Bibliothèque de concepts
Cost and Latency Budgeting for AI
The discipline of designing AI systems within explicit cost-per-run, latency-per-step, and total-budget envelopes — and the architectural choices that make those envelopes hold under real traffic.
What it is
Cost and latency budgeting is the discipline of designing AI systems within explicit limits — cost per run, latency per step, total monthly budget — rather than building first and discovering the bill later. It includes model selection, context management, caching, batching, and the architectural choices that make those limits hold even under unexpected traffic.
For deterministic systems, cost and latency are predictable. For agentic systems they are not. A single goal can result in five model calls or fifty, with context that grows and tool calls that vary. Without explicit budgeting, the cost variance per run can be 100×, the tail latency can be minutes, and the monthly bill can surprise even a careful team.
Why it matters
Cost and latency are existential for AI systems at scale. A consumer-facing AI feature whose median latency is 8 seconds will be abandoned. An internal agentic system whose monthly cost grows 2× quarter-over-quarter will be defunded.
The teams that ship sustainable AI systems treat cost and latency as design constraints from day one — not as items on a “we’ll optimize later” list. Architectural decisions made early (model choice, context strategy, caching layout) compound. Decisions made late are hard to reverse.

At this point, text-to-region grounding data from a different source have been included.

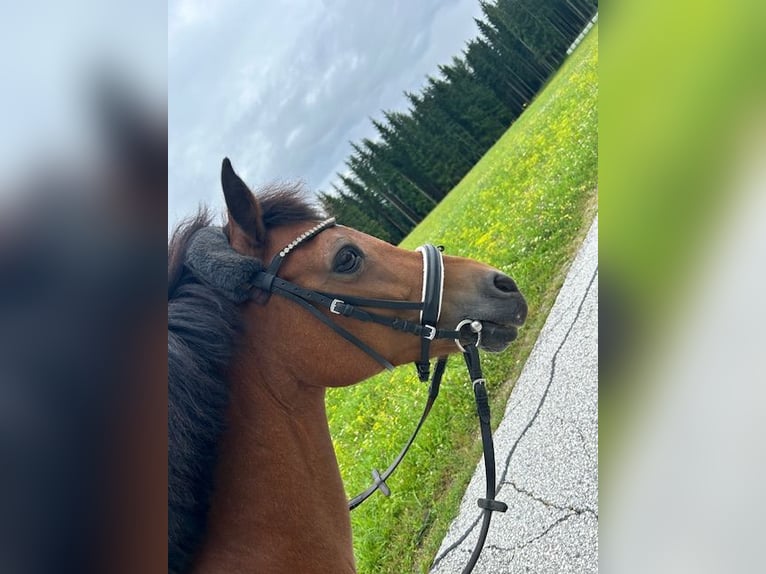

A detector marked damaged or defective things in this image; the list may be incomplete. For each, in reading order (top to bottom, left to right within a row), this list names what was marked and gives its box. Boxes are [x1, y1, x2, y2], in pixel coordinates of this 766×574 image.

crack in asphalt [432, 268, 600, 572]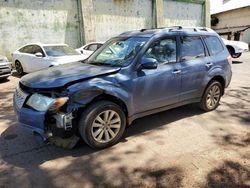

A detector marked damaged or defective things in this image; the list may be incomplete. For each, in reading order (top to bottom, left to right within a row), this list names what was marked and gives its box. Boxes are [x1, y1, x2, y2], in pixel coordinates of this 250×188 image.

front bumper damage [13, 86, 79, 148]
crumpled hood [20, 61, 120, 88]
damaged suv [13, 27, 232, 149]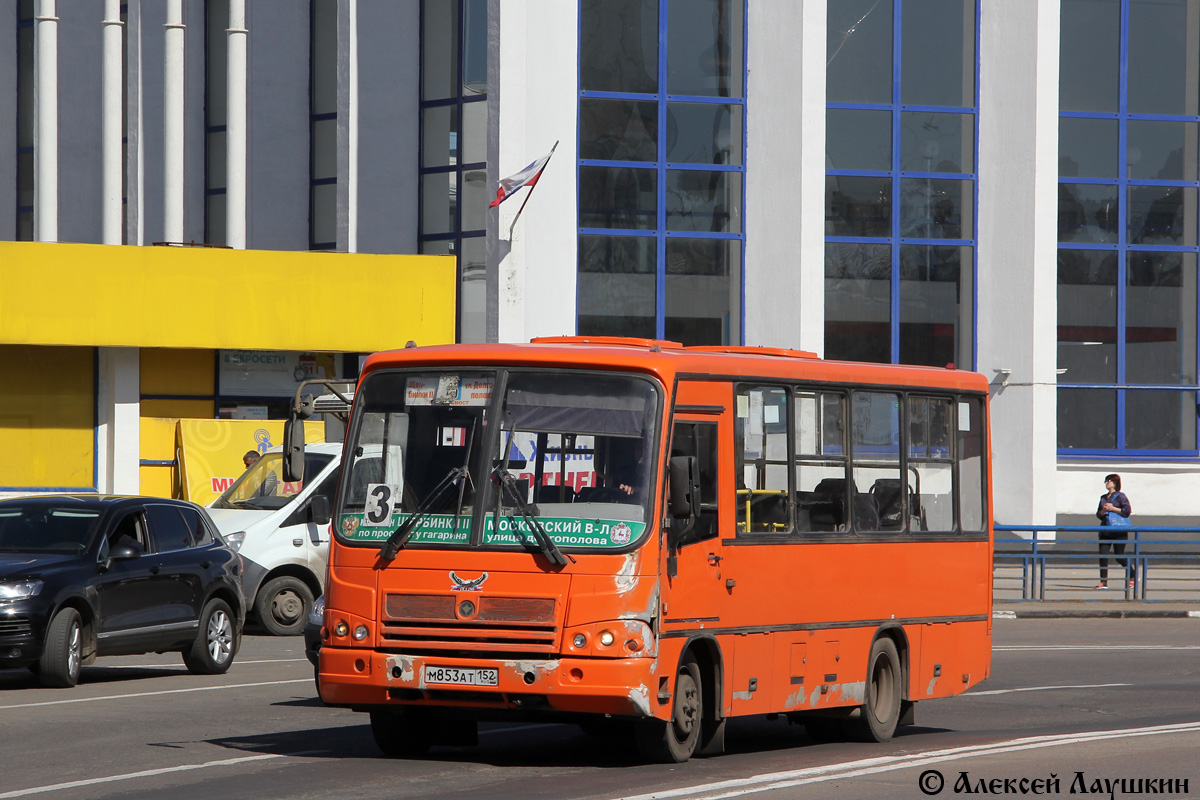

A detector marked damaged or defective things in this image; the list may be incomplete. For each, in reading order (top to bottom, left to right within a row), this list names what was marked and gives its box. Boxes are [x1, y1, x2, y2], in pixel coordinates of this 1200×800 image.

cracked windshield [336, 368, 656, 552]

The strategic version: per-unit AI economics determine which use cases are viable. A use case that costs $0.02 per query is broadly deployable; one that costs $2.00 per query is an executive feature. The architecture decisions are the difference.
How it works
Cost decomposes into model calls (tokens × per-token price), tool calls (sometimes paid, often free but with latency cost), retrieval and embedding (per-call pricing or self-hosted), and infrastructure (vector stores, agent runtime, observability).
Latency decomposes into model time-to-first-token (TTFT), generation time (output tokens × per-token speed), tool execution latency, retrieval latency, and orchestration overhead.
The high-leverage levers, in rough order of impact:
Model routing. Use the cheapest model that meets quality bar. Most production agentic systems benefit from a tiered approach: a fast cheap model for routing and simple steps (Haiku, GPT-4o-mini, Gemini Flash), a strong model for hard reasoning steps (Opus, GPT-4 / GPT-5, Gemini Pro). The cost difference between tiers is 10–30×; the quality difference is much smaller for many sub-tasks.
Context management. Long contexts are expensive and slow. Aggressive truncation, summarization of older steps, and structured state instead of conversational logs cut both cost and latency. The agent should not carry yesterday’s tool outputs into today’s reasoning.
Caching. Prompt prefix caching (provider-supported on most major APIs) cuts cost and latency on repeated prefixes. Semantic response caching catches near-identical queries. Both are configuration changes, not redesigns.
Batching. For non-interactive use cases, batched calls are dramatically cheaper than streaming calls. OpenAI Batch API and equivalents offer 50% discounts for tasks that can wait hours.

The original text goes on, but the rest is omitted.